[Collected data entries]
#####
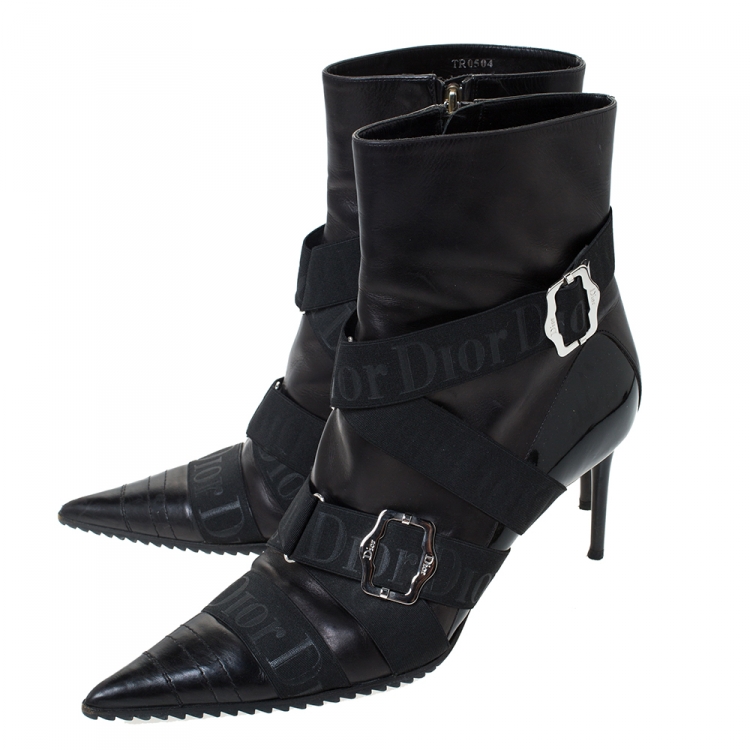 مملوكة مسبقًا Dior Black Leather Elastic Logo Strap And Buckle Embellished Pointed Toe Ankle Boots Size 40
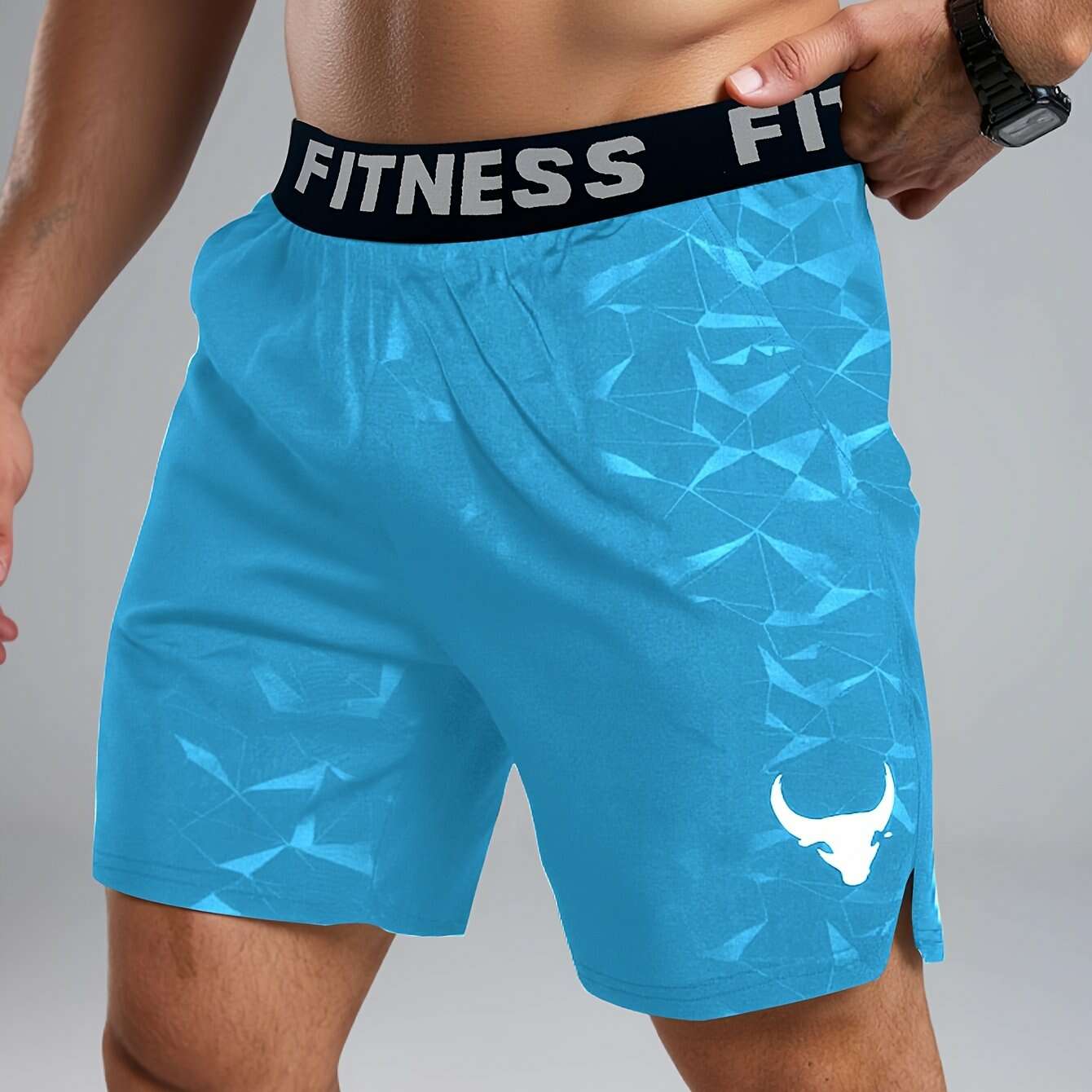 Teal Men's Geometric Fitness Shorts - Elastic Waistband & Pockets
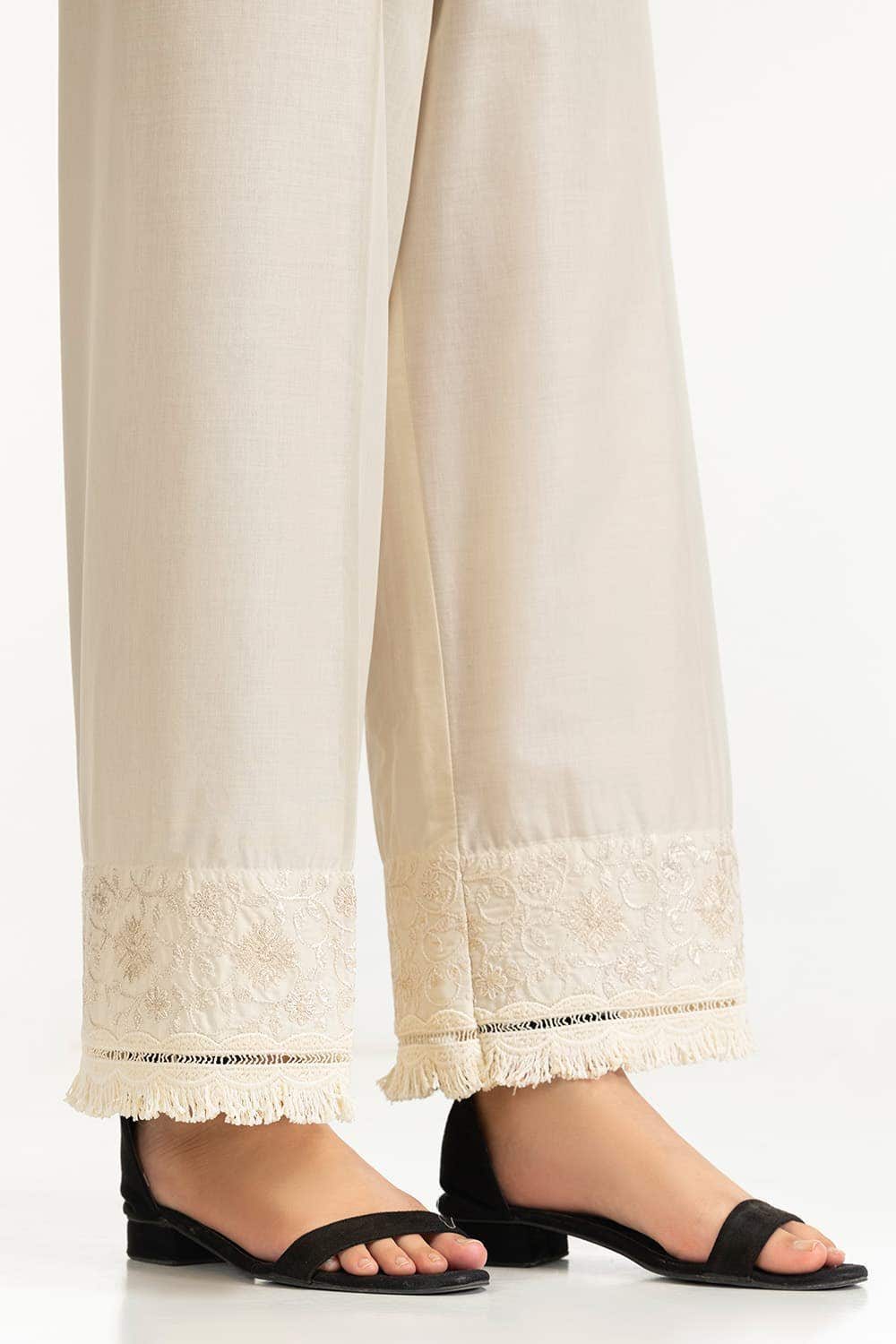 Gul Ahmed Stitched Beige Lawn Embroidered Trouser IUSTTR-42008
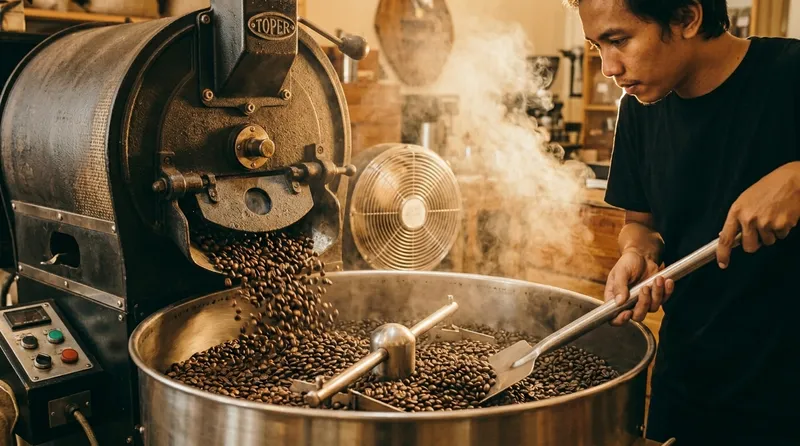 Proses roasting kopi dari biji hijau hingga dark roast dalam berbagai tahap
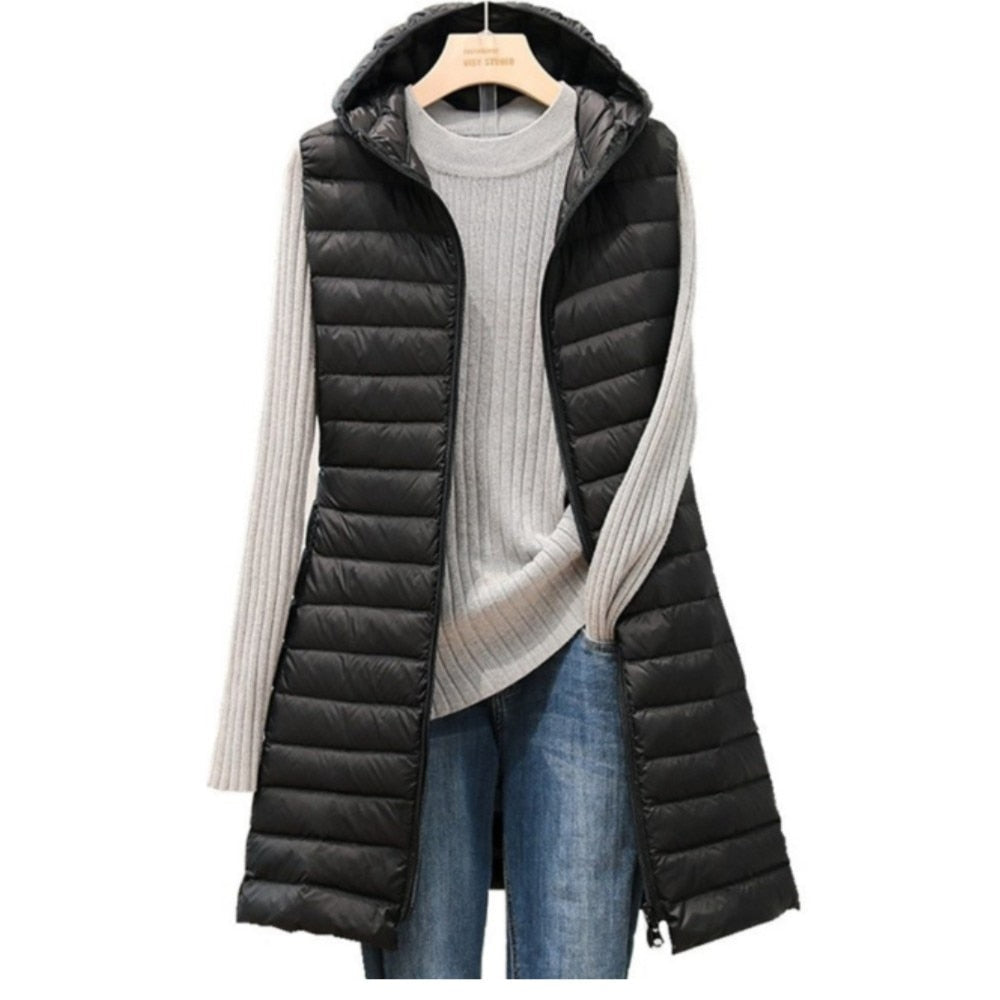 Langer gefütterter Damen Bodywarmer "Rianne", ideal für Herbst und Winter. Stilvoll, bequem und warm.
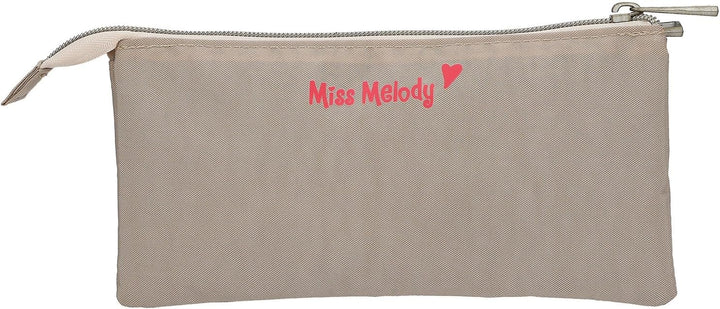 Depesche 13342 Miss Melody Poppy Sand - Schlampertasche in Beige, mit Pferde Motiv und Mohnblumen, F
#####
EXERCISE OBJECTIVE: Only the lines from the line with "Gul Ahmed Stitched" to the end of the records should be repeated, exactly and without pictures.

SOLUTION TO THE EXERCISE:
 Gul Ahmed Stitched Beige Lawn Embroidered Trouser IUSTTR-42008
 Proses roasting kopi dari biji hijau hingga dark roast dalam berbagai tahap
 Langer gefütterter Damen Bodywarmer "Rianne", ideal für Herbst und Winter. Stilvoll, bequem und warm.
 Depesche 13342 Miss Melody Poppy Sand - Schlampertasche in Beige, mit Pferde Motiv und Mohnblumen, F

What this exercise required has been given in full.